Furthermore, he said Plastic bags are often misused by putting in it hot or cold food like “Ebbeh, Café Touba, Nan-Mburr” etc underlining that the use of plastic bags to package hot or cold food stuff is very dangerous as it releases the chemical residue content of the plastic into the food, and can lead to long-term health problems.

He revealed that the Environmental Education & Communication team of the agency will embark on a nationwide sensitization tour to community radio stations. These local radio FM stations will include Paradise FM in Farafenni, GRTS radio in Basse, Brikamabaa Community radio, Soma FM and Kaira FM in Kuloro.
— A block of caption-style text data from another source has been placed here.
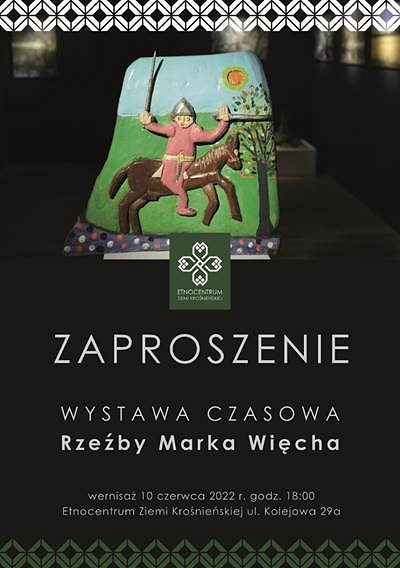 Plakat - Rzeźby Marka Więcha w Etnocentrum Ziemi Krośnieńskiej.jpg [44.93 KB]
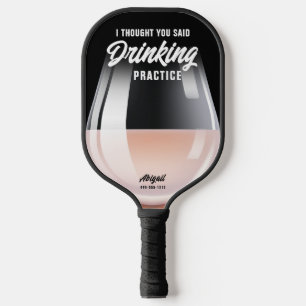 Funny Personalized Drink Practice Pinot Roos Pickleball Paddle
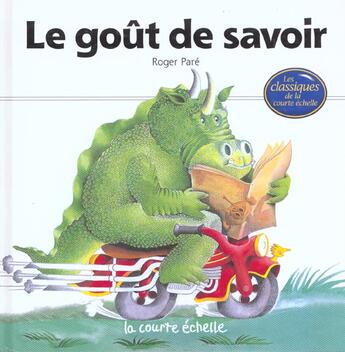 Couverture du livre « Le gout de savoir » de Roger Pare aux éditions La Courte Echelle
These phone-in radio programs will generate lots of listenership who can also contribute through phone calls.

“The ban on plastic bags is a right move in the right direction as it reflects on the dangers to both human and the environment. Plastic bags are non-biodegradable and can cause serious threat to the fragile eco-system of the country and the environment in general,” Dr. Badgie warned.

Speaking earlier, Barrister Lamin Samateh thanked the Government of the Gambia and the NEA for their foresight and commitment in averting serious environmental hazards by banning the usage, sale, and consumption of plastic bags. He therefore called on all and sundry not to smuggle this banned substance into the country.